USB currently funds two drought-tolerant focused projects to help U.S. soybean farmers across the country grow a more successful crop. One project is focused on reducing the yield limitation of soybean varieties under a drought. The other is working to mitigate drought stress.
Although Maurath experiences an uphill battle with dryland soybeans, he still sees light at the end of the tunnel.
“Growing soybeans in the early 2000s just wasn’t paying the bills,” Maurath says. “But because of the new varieties, new herbicide-tolerant beans and a better understanding for micronutrients, now we’re producing 70- to 90-bushel beans,” he says.
The soy checkoff invests to help farmers profit
Every year, the checkoff invests in public breeding programs that dive into common issues such as herbicide resistance, with multiple projects taking place over many years. The programs provide research and education for farmers interested in everything from resistance management to conservation practices.
“Our soy checkoff has done a great job in the education arena. Understanding the difference between no-till, strip-till, conventional till and narrow rows — we see a lot done with that,” Maurath, who now represents Kansas as a national soy checkoff farmer-leader, says.
Maurath practices no-till and strip-till on his farm, and he says it’s made a world of difference. Practicing no-till on the arid soils in western Kansas allows moisture to stay in the ground longer, especially with their deeper soil banks. No-till also helps Maurath control erosion on his farm.

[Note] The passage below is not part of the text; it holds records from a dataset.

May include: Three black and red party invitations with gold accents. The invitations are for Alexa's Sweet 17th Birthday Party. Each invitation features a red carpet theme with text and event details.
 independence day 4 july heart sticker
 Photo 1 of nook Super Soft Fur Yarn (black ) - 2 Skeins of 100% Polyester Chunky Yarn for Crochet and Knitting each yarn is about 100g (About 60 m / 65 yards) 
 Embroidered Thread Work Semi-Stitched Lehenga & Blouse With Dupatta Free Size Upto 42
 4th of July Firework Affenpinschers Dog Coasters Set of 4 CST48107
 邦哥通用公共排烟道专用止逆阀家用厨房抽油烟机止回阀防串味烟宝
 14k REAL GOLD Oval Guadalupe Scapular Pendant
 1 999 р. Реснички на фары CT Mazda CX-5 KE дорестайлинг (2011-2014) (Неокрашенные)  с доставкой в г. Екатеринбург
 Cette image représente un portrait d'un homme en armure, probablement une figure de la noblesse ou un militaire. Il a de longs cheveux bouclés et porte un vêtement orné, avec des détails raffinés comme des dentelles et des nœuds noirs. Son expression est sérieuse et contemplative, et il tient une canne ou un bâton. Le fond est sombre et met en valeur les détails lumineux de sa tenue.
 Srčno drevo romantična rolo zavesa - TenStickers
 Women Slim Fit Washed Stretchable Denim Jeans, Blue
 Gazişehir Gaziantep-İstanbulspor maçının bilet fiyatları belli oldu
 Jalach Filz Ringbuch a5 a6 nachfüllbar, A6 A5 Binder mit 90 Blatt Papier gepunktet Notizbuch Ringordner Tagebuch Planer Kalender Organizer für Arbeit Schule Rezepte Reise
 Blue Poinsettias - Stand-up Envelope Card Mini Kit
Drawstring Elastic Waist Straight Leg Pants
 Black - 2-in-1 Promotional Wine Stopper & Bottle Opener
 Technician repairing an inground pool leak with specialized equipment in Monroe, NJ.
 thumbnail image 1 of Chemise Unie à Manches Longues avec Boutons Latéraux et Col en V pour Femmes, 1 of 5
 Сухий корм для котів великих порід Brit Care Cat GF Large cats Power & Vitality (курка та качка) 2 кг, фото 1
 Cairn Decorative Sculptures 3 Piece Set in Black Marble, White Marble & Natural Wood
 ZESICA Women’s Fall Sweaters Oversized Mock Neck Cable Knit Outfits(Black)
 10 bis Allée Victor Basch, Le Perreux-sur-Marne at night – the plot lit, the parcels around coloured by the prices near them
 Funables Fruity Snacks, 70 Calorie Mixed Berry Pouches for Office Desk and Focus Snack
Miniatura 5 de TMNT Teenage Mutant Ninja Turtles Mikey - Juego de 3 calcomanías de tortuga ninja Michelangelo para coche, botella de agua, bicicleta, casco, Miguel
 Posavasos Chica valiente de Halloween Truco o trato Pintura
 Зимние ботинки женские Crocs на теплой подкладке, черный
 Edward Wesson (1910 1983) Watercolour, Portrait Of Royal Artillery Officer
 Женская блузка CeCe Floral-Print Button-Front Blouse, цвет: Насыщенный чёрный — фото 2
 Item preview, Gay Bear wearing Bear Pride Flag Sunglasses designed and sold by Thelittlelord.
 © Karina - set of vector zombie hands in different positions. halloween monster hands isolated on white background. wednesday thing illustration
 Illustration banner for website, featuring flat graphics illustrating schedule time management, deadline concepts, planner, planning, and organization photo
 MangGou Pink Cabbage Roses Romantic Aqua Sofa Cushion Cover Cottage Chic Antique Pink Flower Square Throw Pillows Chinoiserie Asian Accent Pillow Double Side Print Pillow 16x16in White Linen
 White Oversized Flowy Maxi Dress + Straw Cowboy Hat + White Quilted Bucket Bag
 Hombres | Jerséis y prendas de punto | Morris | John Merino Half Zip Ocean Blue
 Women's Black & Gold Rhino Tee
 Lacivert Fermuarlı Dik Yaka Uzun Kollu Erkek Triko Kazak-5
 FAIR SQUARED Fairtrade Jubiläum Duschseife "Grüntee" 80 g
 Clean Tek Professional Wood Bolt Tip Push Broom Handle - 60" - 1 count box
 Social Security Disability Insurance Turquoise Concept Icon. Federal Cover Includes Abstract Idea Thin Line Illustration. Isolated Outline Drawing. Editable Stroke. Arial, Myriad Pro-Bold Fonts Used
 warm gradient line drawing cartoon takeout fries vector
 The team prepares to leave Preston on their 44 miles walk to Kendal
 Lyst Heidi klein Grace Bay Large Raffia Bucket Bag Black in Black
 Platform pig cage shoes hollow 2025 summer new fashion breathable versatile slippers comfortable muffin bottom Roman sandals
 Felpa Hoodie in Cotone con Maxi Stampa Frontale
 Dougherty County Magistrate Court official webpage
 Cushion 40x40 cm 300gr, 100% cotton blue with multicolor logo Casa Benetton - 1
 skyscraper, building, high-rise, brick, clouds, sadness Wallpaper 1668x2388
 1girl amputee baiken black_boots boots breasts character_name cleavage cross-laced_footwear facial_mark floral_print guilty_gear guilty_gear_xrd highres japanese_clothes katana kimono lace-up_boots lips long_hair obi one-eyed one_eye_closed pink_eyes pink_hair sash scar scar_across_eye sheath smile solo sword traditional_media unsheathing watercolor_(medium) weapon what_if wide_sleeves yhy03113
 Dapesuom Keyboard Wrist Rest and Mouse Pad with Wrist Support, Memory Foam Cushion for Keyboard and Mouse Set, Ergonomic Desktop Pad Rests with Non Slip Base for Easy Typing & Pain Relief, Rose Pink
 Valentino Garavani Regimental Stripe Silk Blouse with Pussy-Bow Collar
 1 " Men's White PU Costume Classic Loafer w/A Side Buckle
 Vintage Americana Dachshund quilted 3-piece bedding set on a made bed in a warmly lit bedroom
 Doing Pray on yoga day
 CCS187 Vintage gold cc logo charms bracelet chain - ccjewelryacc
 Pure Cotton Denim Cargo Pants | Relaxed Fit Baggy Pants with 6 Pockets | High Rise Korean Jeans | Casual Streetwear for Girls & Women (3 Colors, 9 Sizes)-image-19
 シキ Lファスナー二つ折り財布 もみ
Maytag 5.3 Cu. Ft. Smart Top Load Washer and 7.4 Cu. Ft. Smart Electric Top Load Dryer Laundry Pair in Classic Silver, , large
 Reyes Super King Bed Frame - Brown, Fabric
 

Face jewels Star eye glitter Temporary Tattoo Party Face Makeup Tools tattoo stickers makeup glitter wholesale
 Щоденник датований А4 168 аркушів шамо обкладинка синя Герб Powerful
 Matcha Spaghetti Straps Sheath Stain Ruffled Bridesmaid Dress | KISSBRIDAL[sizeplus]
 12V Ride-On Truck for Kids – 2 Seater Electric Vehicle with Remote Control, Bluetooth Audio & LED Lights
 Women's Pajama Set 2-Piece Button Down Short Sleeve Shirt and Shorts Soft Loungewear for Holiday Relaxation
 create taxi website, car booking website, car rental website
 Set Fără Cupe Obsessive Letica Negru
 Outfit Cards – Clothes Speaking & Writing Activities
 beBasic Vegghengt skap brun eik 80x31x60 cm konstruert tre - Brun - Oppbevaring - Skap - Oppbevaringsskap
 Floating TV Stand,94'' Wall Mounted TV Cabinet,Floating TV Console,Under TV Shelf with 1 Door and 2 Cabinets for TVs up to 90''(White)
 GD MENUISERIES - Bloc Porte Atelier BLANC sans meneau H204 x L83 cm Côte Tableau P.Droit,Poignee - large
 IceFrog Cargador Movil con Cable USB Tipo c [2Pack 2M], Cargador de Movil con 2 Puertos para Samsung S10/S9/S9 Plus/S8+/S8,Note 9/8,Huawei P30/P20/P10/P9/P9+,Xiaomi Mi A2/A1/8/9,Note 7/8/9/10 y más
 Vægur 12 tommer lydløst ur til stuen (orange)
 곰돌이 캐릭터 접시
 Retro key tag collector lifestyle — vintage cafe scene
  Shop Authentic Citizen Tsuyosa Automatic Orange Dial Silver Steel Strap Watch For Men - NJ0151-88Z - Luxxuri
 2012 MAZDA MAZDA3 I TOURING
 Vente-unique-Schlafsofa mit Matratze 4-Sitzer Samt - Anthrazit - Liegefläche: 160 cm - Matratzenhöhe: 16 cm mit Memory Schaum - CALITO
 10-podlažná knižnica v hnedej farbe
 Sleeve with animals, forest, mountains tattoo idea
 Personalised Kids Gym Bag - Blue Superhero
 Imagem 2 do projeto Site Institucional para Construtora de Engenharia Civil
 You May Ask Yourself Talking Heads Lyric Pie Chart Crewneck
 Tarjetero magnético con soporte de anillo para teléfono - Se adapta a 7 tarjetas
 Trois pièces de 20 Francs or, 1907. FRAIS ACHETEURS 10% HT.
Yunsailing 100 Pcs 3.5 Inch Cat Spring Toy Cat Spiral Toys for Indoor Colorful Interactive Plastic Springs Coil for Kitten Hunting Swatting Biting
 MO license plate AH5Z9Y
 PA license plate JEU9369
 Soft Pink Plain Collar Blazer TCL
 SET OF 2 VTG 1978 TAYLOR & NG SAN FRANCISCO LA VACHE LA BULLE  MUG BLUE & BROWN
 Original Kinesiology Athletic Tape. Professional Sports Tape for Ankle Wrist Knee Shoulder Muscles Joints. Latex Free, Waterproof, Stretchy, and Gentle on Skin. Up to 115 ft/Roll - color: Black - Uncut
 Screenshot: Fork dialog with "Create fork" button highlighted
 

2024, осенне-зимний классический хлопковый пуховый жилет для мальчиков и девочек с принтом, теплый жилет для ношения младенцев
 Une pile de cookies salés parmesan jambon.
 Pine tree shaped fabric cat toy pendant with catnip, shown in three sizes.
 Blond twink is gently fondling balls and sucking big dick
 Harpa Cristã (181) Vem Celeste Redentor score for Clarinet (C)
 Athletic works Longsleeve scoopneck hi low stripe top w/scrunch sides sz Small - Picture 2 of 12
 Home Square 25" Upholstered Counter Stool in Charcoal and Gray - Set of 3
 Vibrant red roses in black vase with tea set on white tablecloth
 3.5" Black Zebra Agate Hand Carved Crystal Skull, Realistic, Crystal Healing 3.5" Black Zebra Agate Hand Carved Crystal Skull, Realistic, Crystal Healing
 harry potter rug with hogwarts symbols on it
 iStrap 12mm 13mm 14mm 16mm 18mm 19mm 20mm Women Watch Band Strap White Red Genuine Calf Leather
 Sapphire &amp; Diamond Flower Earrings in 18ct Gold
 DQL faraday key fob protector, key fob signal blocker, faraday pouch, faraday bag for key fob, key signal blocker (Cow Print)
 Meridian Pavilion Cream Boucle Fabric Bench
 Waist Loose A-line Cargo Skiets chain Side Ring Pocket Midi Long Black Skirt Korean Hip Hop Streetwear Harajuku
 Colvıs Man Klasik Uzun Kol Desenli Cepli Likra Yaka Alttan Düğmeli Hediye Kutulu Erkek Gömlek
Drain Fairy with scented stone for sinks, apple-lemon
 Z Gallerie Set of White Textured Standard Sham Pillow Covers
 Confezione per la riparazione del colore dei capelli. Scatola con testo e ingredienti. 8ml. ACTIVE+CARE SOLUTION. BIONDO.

He says soybean farmers in western Kansas also have to overcome the soil type — specifically, pH levels. Soybeans typically perform well at soil pH levels ranging between 6.0 and 7.0.
“Where I’m at in northwest Kansas, we are in a high pH soil area for beans. A lot of our pH levels are 7.3-8.0. That limits the varieties of beans that we can plant,” Maurath says.
The soy checkoff has recognized the need for investment in understanding highly acidic soils where soybeans become less viable. It is currently funding research at North Dakota State University to assist in management decisions for acidic soils.
Research like this could help farmers such as Maurath who struggle with yield loss due to high pH soils.
Overcoming challenges with innovation
Due to the challenging climate conditions he faces, Maurath employs various management practices to help him grow a successful soybean crop, many of which he learned about from checkoff-funded outreach.
“The soy checkoff continues to work as a valuable resource for U.S. soybean farmers,” he says. “Even on my farm, I’ve seen benefits from our funded research and projects.”
Looking to the future, the soy checkoff is focused on continuing to bring innovation, resources and value back to the farm. Working with researchers, industry professionals and extensions across the country, the soy checkoff ensures farmer dollars go toward innovation that will have a direct and lasting impact.
As farmers in the Plains continue to add soybeans to their rotation, they can be hopeful the varieties they purchase have better genetics and drought tolerance — innovation that is helped move forward by the checkoff.
“I’m excited to see what current soy checkoff investments can do for us farmers in western Kansas and throughout the U.S.,” Maurath says.